:: Records for this exercise ::
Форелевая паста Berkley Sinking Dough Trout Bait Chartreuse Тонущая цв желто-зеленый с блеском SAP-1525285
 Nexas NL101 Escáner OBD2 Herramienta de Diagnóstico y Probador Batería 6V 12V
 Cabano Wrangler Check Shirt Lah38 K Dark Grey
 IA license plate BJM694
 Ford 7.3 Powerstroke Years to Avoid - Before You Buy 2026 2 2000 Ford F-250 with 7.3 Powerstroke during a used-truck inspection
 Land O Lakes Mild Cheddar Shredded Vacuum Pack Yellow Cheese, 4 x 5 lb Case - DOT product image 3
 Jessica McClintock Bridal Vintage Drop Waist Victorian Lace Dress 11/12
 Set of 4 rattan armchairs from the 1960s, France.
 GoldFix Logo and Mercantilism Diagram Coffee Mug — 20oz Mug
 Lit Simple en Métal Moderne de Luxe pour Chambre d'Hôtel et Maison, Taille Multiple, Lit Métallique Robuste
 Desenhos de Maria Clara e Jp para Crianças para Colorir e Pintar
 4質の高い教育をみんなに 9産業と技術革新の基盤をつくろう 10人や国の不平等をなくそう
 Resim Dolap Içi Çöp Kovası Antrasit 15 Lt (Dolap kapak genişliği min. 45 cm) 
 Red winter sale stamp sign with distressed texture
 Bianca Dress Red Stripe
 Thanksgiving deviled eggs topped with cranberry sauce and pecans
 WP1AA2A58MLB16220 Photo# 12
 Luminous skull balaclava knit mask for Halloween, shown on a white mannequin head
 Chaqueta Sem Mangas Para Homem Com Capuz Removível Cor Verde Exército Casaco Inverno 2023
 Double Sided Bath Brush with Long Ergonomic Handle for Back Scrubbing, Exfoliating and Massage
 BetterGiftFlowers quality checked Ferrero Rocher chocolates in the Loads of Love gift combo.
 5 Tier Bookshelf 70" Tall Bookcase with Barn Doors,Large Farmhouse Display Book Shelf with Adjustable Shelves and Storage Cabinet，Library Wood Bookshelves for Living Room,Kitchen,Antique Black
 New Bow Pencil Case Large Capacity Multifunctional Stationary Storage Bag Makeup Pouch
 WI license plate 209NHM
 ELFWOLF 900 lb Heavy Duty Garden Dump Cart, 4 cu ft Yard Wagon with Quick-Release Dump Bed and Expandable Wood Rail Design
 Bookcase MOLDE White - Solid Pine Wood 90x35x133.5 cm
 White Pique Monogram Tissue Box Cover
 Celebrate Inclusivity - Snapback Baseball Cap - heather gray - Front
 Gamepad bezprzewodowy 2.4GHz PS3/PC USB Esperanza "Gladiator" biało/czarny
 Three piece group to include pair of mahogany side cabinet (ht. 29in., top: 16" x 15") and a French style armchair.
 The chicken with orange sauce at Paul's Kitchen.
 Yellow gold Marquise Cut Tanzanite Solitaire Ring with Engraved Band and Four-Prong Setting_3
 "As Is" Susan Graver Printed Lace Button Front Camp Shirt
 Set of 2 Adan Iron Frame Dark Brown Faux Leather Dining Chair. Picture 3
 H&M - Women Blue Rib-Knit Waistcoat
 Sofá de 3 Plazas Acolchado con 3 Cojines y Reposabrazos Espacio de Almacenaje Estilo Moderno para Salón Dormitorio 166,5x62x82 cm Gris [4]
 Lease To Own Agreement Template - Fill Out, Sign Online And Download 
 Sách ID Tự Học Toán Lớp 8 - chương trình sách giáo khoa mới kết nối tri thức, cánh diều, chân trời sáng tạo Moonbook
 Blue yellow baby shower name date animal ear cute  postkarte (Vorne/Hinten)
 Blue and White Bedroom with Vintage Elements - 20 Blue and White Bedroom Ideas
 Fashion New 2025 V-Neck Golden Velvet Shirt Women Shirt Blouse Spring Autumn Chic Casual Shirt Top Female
:::
| Work to be completed |
Repeat only the tail of the entries, exactly: the line containing "Blue and White Bedroom with" and every line after it, to the end.

| Your solution |
 Blue and White Bedroom with Vintage Elements - 20 Blue and White Bedroom Ideas
 Fashion New 2025 V-Neck Golden Velvet Shirt Women Shirt Blouse Spring Autumn Chic Casual Shirt Top Female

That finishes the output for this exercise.